Proving an inequality using calculus I was going over a solution recently, which lays out a subtle argument. I believe that it is not rigorous enough.
The inequality is given below:-
$\cos(x)\gt \frac{1}{1+x^2}$ for all $x$ belonging to the interval $[0,\frac{\pi}{4}]$.
The solution argued that the concavity of both the functions is opposite, that is one function is concave up whereas the other function is concave down.
However I was not satisfied by this approach. Could anyone give a better approach or explain this argument more rigorously.
Thank You.
 A: We can establish the inequality without appealing to calculus.  Recall from geometry that $\sin x\le x$ for $0\le x\le \pi/2$.  
This inequality is equivalent to the inequalities
$$\begin{align}
\sin^2x&\le x^2\\\\
1-\cos^2x&\le x^2\\\\
\cos^2x&\ge 1-x^2\tag 1\\\\
\end{align}$$
For $0\le x\le 1$, we may take the square root of both sides of $(1)$ and write
$$\cos x\ge \sqrt{1-x^2}$$
Next, it is easy to show that for $0\le x\le \sqrt{\frac{\sqrt{5}-1}{2}}>\frac{\pi}{4}$, $\sqrt{1-x^2}\ge \frac{1}{1+x^2}$.  This is left as an exercise.  
Therefore, for $0\le x\le \frac{\pi}{4}$, we have the desired inequality 
$$\cos x\ge \frac{1}{1+x^2}$$

Using Calculus 
From the extended law of the mean, there exists a number $0<\xi<x$ such that $\cos x=1-\frac12 \cos (\xi)x^2$.  
Since $|\cos \xi|\le 1$, we see that $\cos x\ge 1-\frac12 x^2$.  

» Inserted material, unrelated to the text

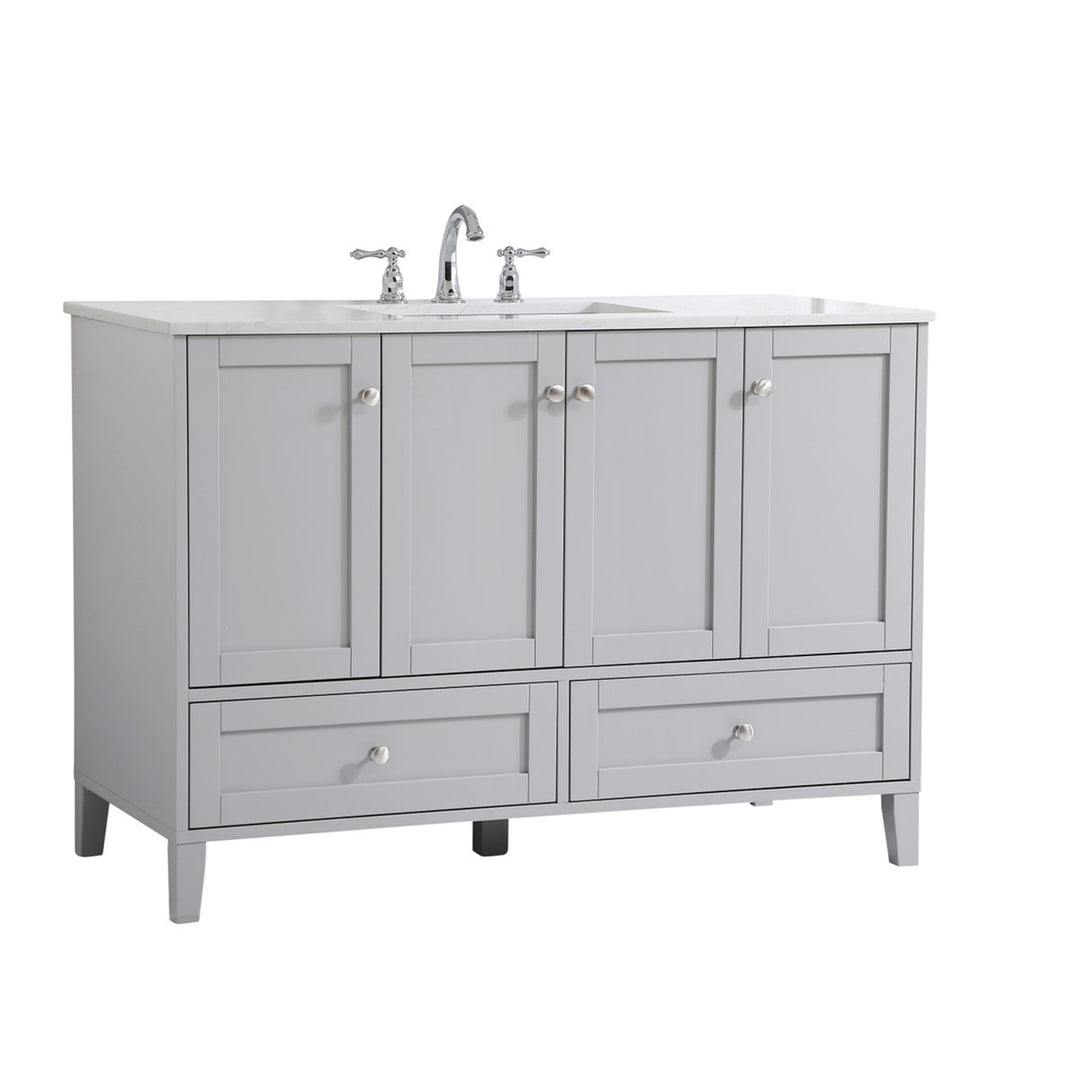48 Inch Single Bathroom Vanity In Grey - View 3 - Joshua Marshal
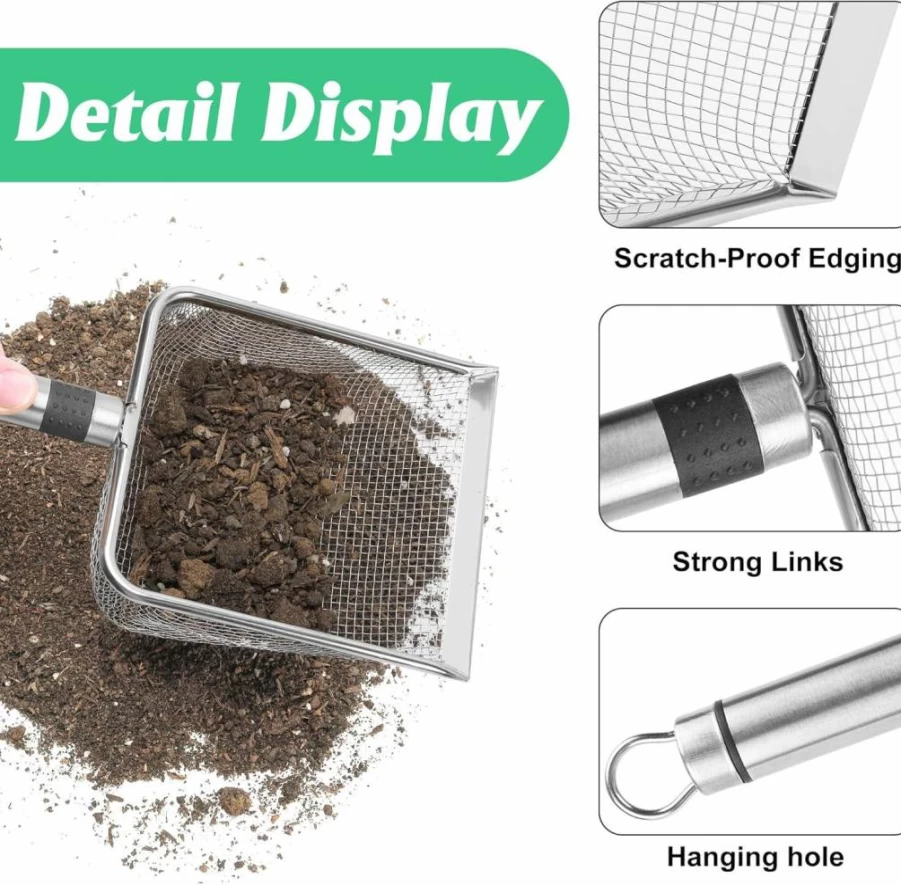 Adnee 2-Pack Garden Soil Sifter Set with Ergonomic Handle - Dual Mesh Sizes (3.8mm & 5mm) for Compost, Sand, Dirt - Portable Gardening Sieve for Outdoor & Indoor Use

It is easy to show that for $|x|\le 1$, $1-\frac12 x^2\ge \frac{1}{1+x^2}$, whence we have the desired inequality again!

SIDE NOTE:
As an interesting side note, we also have from geometry the inequality $\sin x\ge x\cos x$ for $0\le x\le \pi/2$.  From this, it is easy to show that 
$$\cos x\le \frac{1}{\sqrt{1+x^2}}$$
A: Here's another way to get the inequality without using any calculus.
For clarity of exposition, it is convenient to rewrite the desired inequality as $(1+\theta^2)\cos\theta\gt1$ for $0\lt\theta\lt\pi/4$.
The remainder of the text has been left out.